Data records
===============
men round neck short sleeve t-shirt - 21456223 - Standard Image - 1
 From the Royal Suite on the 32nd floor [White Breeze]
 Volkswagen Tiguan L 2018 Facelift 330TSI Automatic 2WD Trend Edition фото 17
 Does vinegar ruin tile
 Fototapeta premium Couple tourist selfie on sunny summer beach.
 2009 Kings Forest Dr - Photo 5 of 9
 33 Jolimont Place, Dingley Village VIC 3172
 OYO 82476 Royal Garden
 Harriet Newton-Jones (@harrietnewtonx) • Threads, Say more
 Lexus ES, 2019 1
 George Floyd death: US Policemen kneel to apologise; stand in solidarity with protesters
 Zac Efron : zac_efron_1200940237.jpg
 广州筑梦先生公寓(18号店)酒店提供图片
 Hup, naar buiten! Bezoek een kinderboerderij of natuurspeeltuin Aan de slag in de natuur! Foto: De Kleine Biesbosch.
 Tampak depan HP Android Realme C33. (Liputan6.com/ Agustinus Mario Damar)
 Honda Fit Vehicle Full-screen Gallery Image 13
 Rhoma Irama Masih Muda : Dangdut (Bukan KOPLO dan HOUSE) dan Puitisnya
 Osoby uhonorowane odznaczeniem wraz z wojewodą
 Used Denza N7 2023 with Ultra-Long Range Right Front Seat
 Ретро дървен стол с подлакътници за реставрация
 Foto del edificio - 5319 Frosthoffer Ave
===============
● **Exercise description**
Copy out each line carrying the string "Image" from the data.

● **Exercise response**
men round neck short sleeve t-shirt - 21456223 - Standard Image - 1
 Honda Fit Vehicle Full-screen Gallery Image 13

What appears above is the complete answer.